I carrozzieri di Rimini e San Marino si sono offerti di riparare le auto gratis, l’assessore regionale alla Salute Raffaele Donini è andato a ringraziarli. Venerdì a Padova il presidente della Provincia, Fabio Bui, è stato fischiato quando ha espresso solidarietà per chi lavora in corsia ventiquattr’ ore su ventiquattro. E il Mattino ha raccontato gli insulti che ricevono su Facebook medici e infermieri della Terapia intensiva.
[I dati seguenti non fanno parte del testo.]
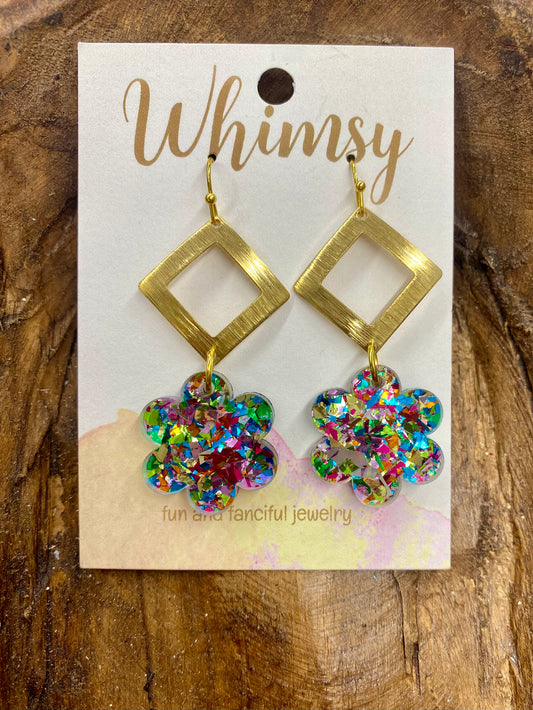 Multicolored iridescent flower earrings in gold / Whimsy Jewels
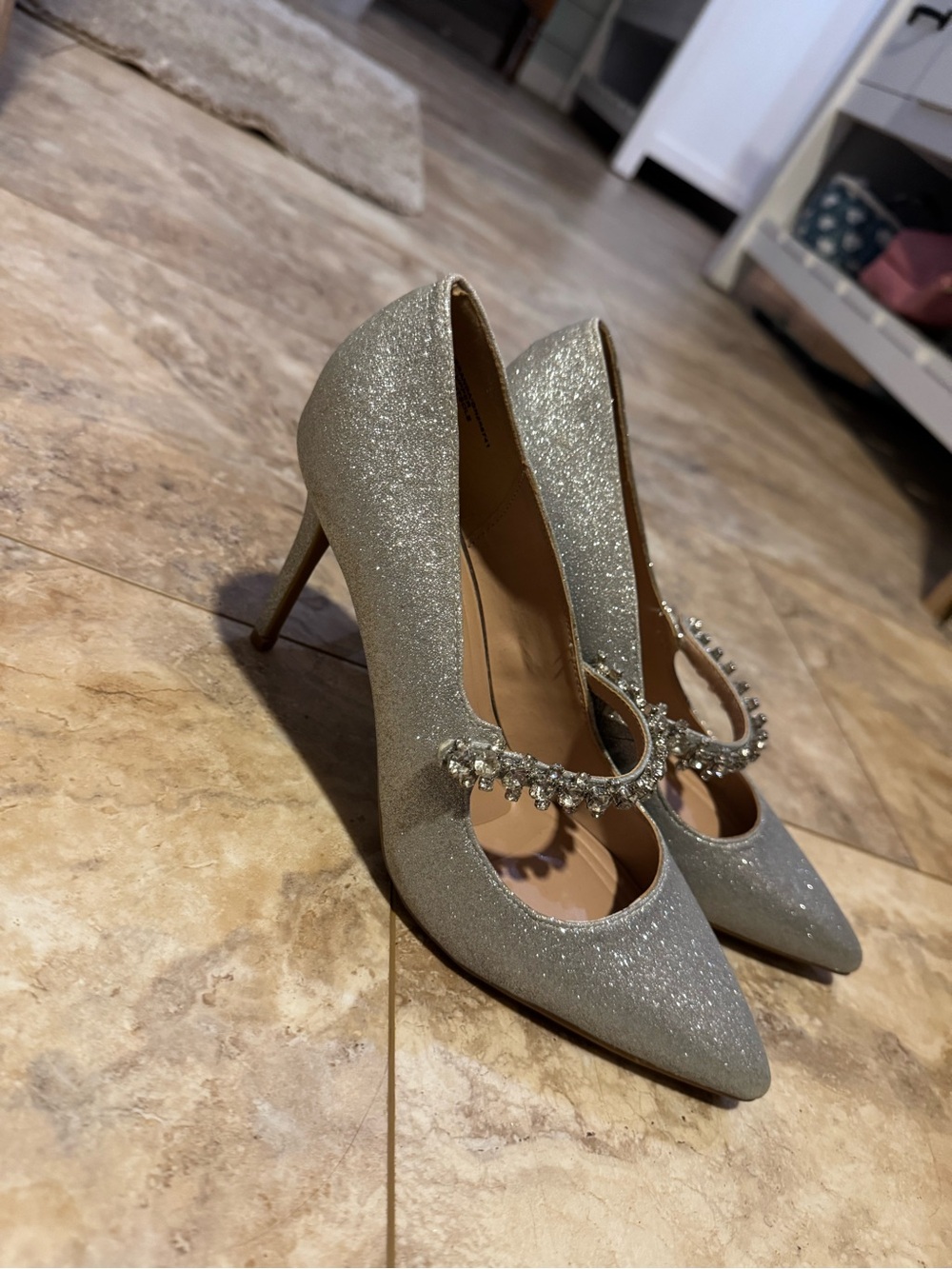 Sparkling Silver Crystal-Embellished Women’s Pumps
«La solita propaganda terroristica», «inizia a essere quasi giornaliera la foto della caposala, tra selfie e dichiarazioni varie, tra poco la vedremo da Barbara D’Urso», «ma stanchi di cosa?, fate solo il vostro lavoro come tanti altri», «bugiardi fate terrorismo». Fino al paradosso: «Questo lavoro lo avete scelto voi, gli eroi sono un’altra cosa».

La presidente della Federazione nazionale degli ordini delle professioni infermieristiche, Barbara Mangiacavalli, è particolarmente avvilita dall’aggressività dei toni. Al telefono ci dice: «Non mi aspettavo questa violenza e questa acredine. Fin dai primi mesi abbiamo rifiutato la retorica degli eroi, ne comprendiamo il senso, ma siamo prima di tutto dei professionisti. Questi attacchi sono inaccettabili e la polizia postale dovrebbe intervenire per quel che è di loro competenza: invoco la tolleranza zero con chi insulta e addirittura ci minaccia».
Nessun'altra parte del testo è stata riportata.